Royal Bengal Rahasya (The Royal Bengal Mystery)
- First edition
- Author: Satyajit Ray
- Cover artist: Satyajit Ray
- Language: Bengali
- Genre: Detective fiction
- Publisher: Ananda Publishers
- Publication date: 1974
- Publication place: India
- Media type: Print
- Preceded by: Kailashey Kelenkari
- Followed by: Joi Baba Felunath

= Royal Bengal Rahashya (novel) =

1974 novel by Satyajit Ray

Royal Bengal Rahashya is a novel in Feluda Series created by the eminent author and director Satyajit Ray. It is of 88 pages and is published by Ananda Publishers Pvt.
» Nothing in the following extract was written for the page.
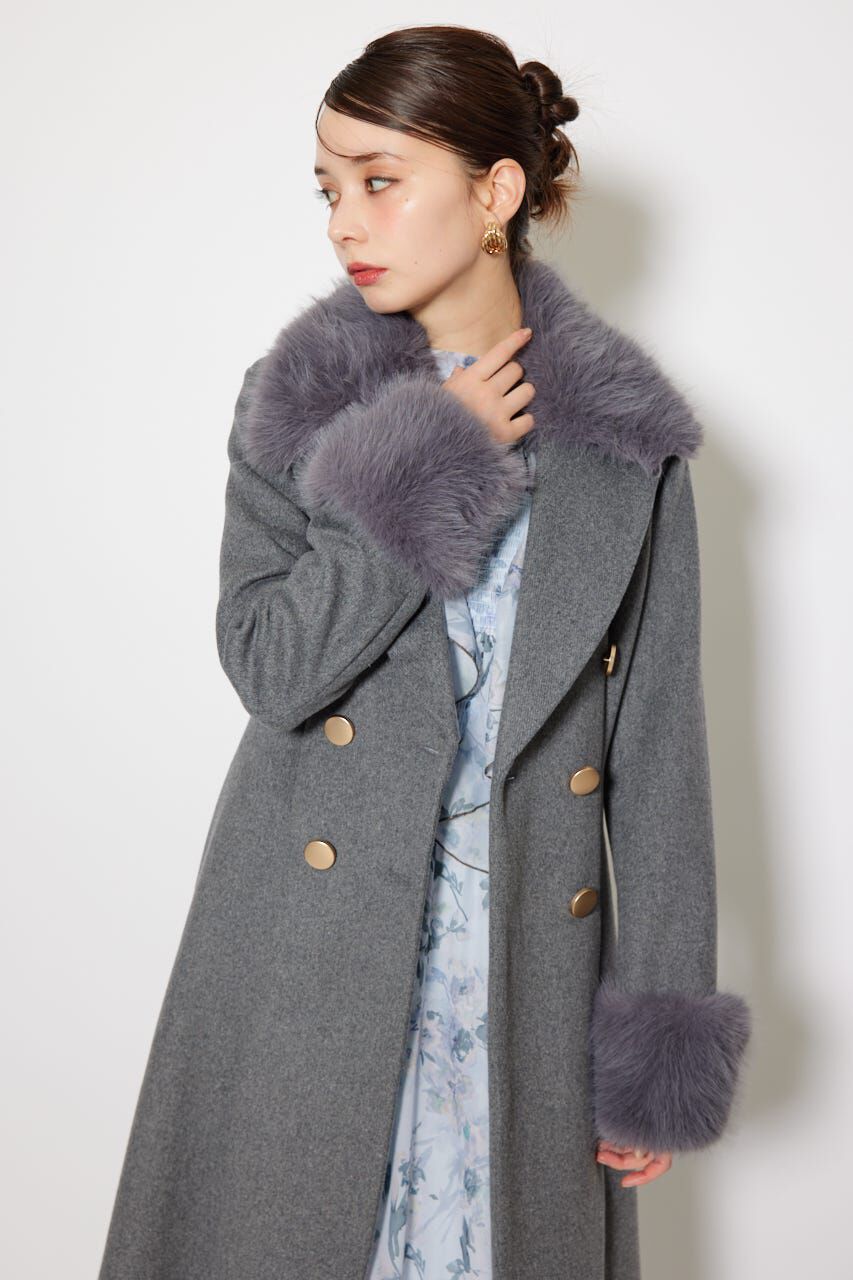 rienda「2WAYラグジュアリーレディーコート」|その他|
Ltd. in 1975. It was preceded by Kailashey Kelenkari and followed by Joi Baba Felunath.

==Plot summary==
On an invitation by Mahitosh Singha Ray, Lalmohon Babu takes Feluda and Topshe to a forest near Bhutan where Feluda is given a puzzle to solve. He solves that successfully, unearths hidden secrets of the Sinha Ray family, solves a murder and kills a man-eating tiger in the process. At the end of the story, he is rewarded with the Tiger-skin. This story tells about Feluda 's impressive reflex skills and his spear sharp mind with its unbeatable craze for mysteries.

==Adaptations==
- A film with same name based on this novel was released in 2011, directed by Sandip Ray.
- The story adapted into 2013 short film Feluda, directed by Shailesh Singh.